The current conservative Supreme Court no longer relies much on Chevron to decide big cases involving the executive branch; Roberts noted during the oral arguments for the Loper Bright Enterprises v. Raimondo case, also on the docket this session, that the court has gone “14 or 16” years since issuing a decision citing the Chevron precedent. Instead, the court in several recent decisions has outlined its own standard for evaluating regulations. This standard, which the court’s conservative justices call the “major questions doctrine,” prohibits agencies from making rules on issues of “economic and political magnitude” without clear directives from Congress. The court has never outlined what constitutes an issue of such magnitude, but it cited the “major questions” test in a landmark 2022 case that limited the EPA’s authority to regulate greenhouse gases.
Lower courts, however, still cite the Chevron deference in many cases, and federal agencies win most of them: An analysis of more than 1,500 circuit court decisions between 2003 and 2013 found that courts applied Chevron in 77 percent of regulatory disputes, and that agencies won many more of cases than they did cases where courts did not use Chevron. The Department of the Interior, which handles many issues related to climate change, oil leasing, endangered species, and Indigenous affairs, was one of the agencies that relied on Chevron the most.
The Biden administration and numerous legal scholars had urged the court to keep the precedent in place, arguing that overturning it would create regulatory chaos as hundreds of plaintiffs sued to challenge past rules. In his decision, Roberts rebuffed the idea that the court’s move to throw out Chevron would cause a deluge of lawsuits against past regulation, saying the decision shouldn’t call into question the numerous past cases that relied on the precedent.

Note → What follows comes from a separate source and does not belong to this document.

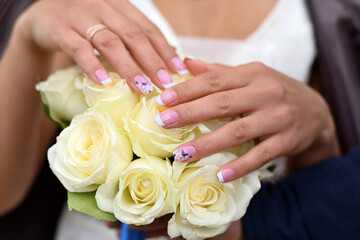 Obraz na płótnie Canvas Wedding manicure on bouquet of white rose. Hands of the bride with ring.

“The holdings of those cases that specific agency actions are lawful — including the Clean Air Act holding of Chevron itself — are still subject to statutory stare decisis despite our change in interpretive methodology,” he wrote, referring to a legal principle that argues judges should leave intact most past decisions.
In her dissent, Justice Elena Kagan expressed skepticism of that claim, saying she found the majority too “sanguine” about the impact of tossing Chevron, arguing the precedent helped keep “air and water clean, food and drugs safe, and financial markets honest.” She accused the conservative bloc of trying to turn the Supreme Court “into the country’s administrative czar.”

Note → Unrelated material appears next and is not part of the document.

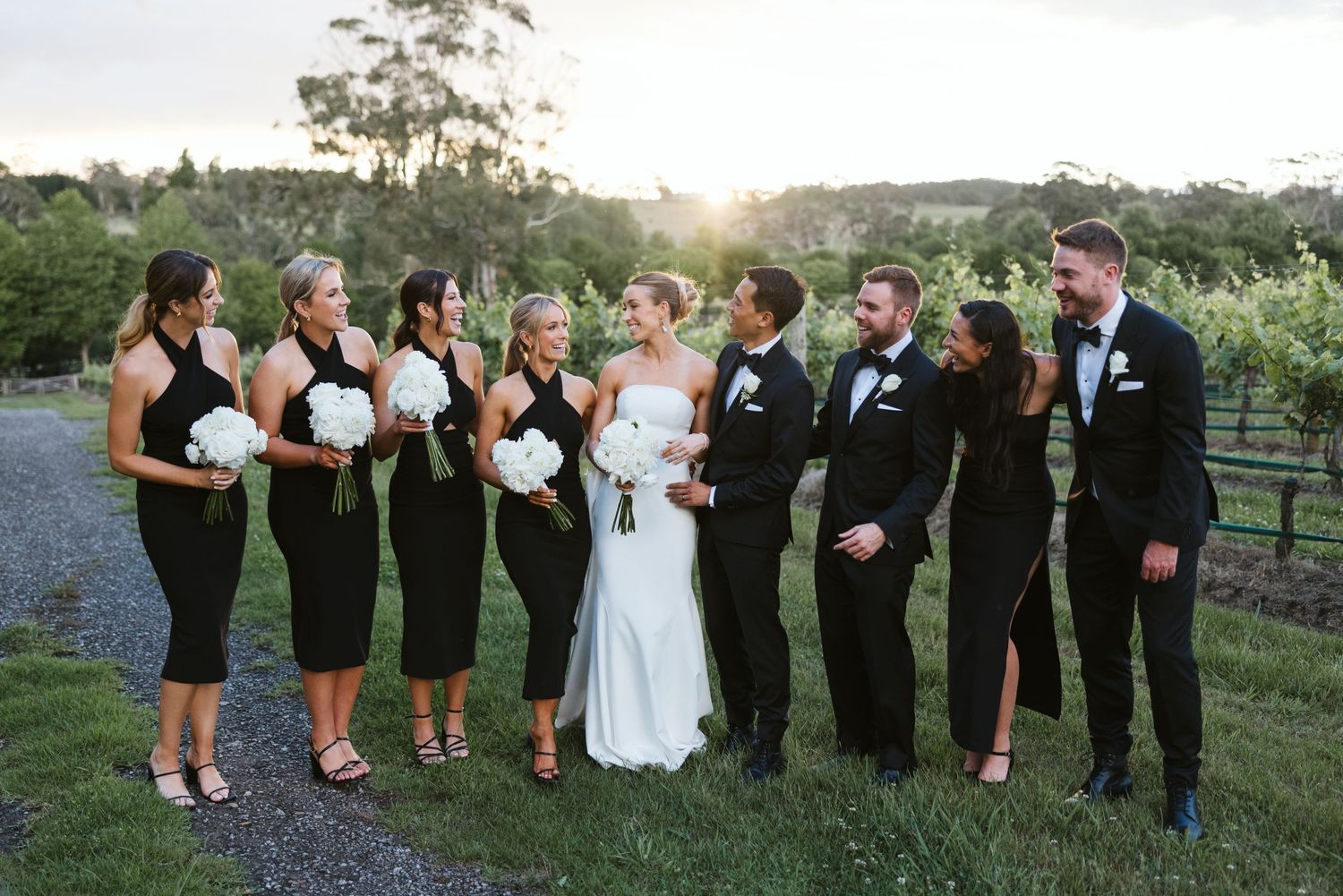 Wedding party in black attire poses together on gravel path near vineyard.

“What’s at stake [in the decision] is whether courts are going to defer to agencies interpreting statutes,” said Michael Burger, the director of the Sabin Center for Climate Change Law at Columbia University, “or whether courts are going to stop doing that, and with more regularity take it on themselves to interpret the statutes even when they’re ambiguous, which means they may be in the position of making more policy choices.”
The main case in question this year, Loper Bright, concerned a National Marine Fisheries Service regulation that requires herring fishers to pay for monitors on their boats. The underlying law in question provides for monitors to ride on boats and make sure fishermen aren’t overfishing, but it doesn’t say whether the government can require fishing boat companies to pay for them. A commercial fishing company represented by lawyers who have ties to conservative energy billionaire Charles Koch’s political organization is suing to overturn the monitor rule — and also asking the court to throw out the Chevron standard altogether.
The original Chevron decision upheld an attempt to weaken environmental regulations, rather than strengthen them. The Environmental Protection Agency under Ronald Reagan sought to loosen the standard for calculating air pollution emissions from industrial facilities, and the Natural Resources Defense Council, or NRDC, sued to argue that the EPA didn’t have the authority to offer a new interpretation of the Clean Air Act. NRDC won at first, but Chevron appealed the decision to the Supreme Court, which sided with Reagan’s EPA.
But over the past decade, many conservatives have come to believe that the precedent allows the executive branch to overreach its authority, and overturning it has become a rallying cry for many right-wing activists and legal scholars.
“There’s a feeling that Chevron favors regulation,” said Burger. “And if you take away the deference and you give power to courts, then the increasing number of conservative judges in the federal court system have more authority, and that’s going to have the effect of chilling agencies.”